NAIROBI, April 17 (Xinhua) -- African countries need to channel more funds toward infrastructure development to realize growth and prosperity, an African Union (AU) envoy said on Tuesday.

Raila Odinga, AU high representative for infrastructure development in Africa, told a forum in Nairobi that bridging infrastructure financing should be a priority in stimulating growth on the continent.

"Africa continues to be characterized by an infrastructural deficit, a situation that remains critical with an average gap standing at 170 billion U.S. dollars," Odinga said.

He underscored the critical role played by infrastructure in trade and development and decried lack of progress toward bridging the infrastructure gap.

Odinga urged infrastructure stakeholders in Africa to develop a more comprehensive set of instruments and service delivery mechanisms to enhance implementation of major infrastructure projects.

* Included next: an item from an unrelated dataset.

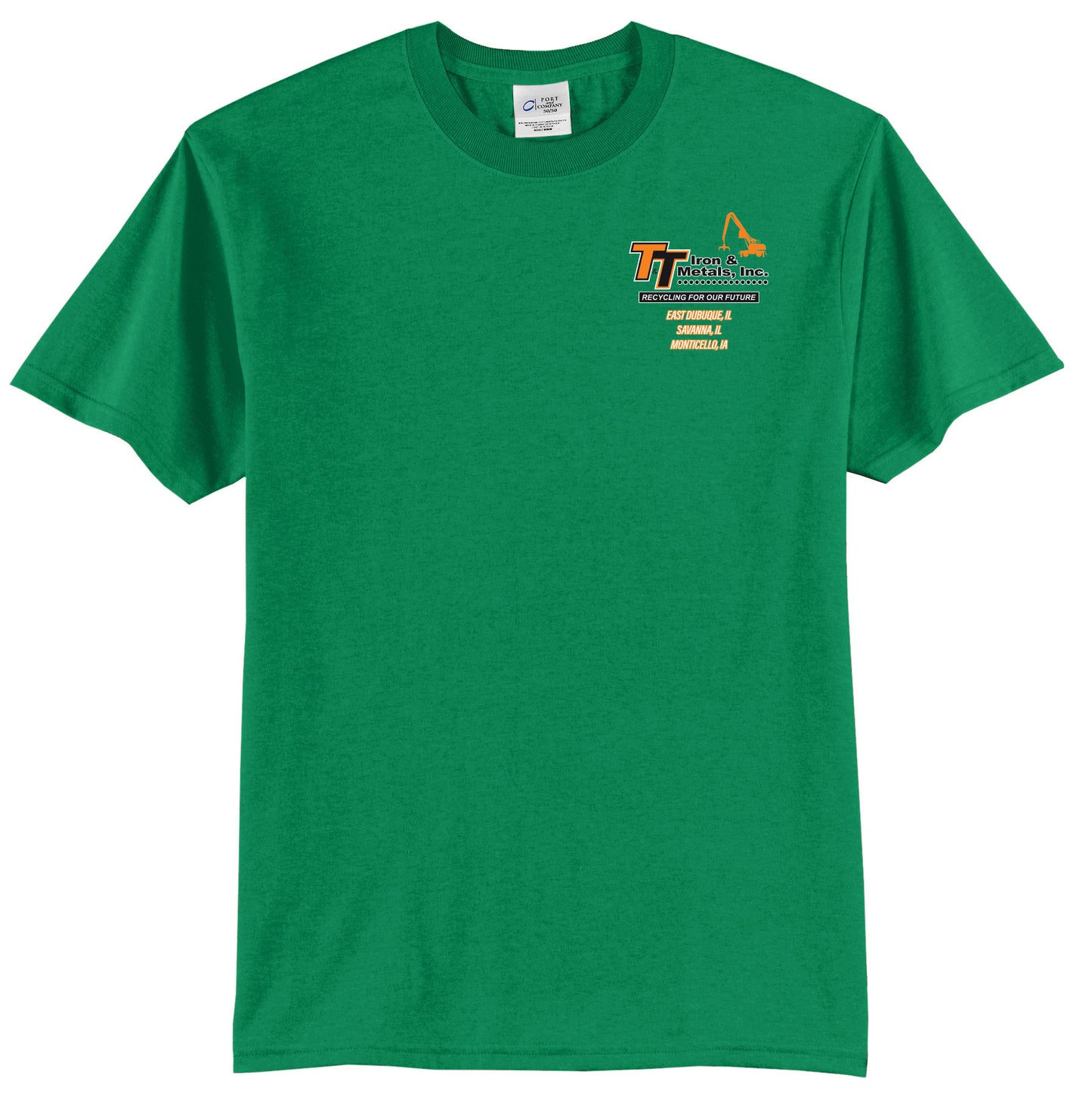 PC55T- T & T Port & Co™ Tall Core Blend Tee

"To enable Africa compete adequately, we must direct more financial resources towards completion of projects that form major connectivity to the world," Odinga said.

He called for the completion of Tran-Saharan Highway, intercontinental railway for fast trains, Kinshasa-Brazzaville Bridge, and Lagos-Abidjan-Dakar Highway, all key links to connecting Africa and creating jobs for young people from member states.

Odinga called for a more united Africa, saying by uniting, the continent will increase its bargaining power.

"A united Africa will be able to pool its investment resources to ensure it has enough resources to invest in large-scale projects," he said. "That way, we will no longer have to keep begging for funds from various donor nations of the world or loans that are tied to very high interest rates and exploitative conditions."

He encouraged the continent to create more dynamic mobilization strategies and to explore domestic borrowing to accelerate projects' implementation process.

"Numerous financing options are on the table for Africa, apart from external financing. We need to also consider exploring our resources and borrow from our local lending institutions which have more friendly terms," Odinga said.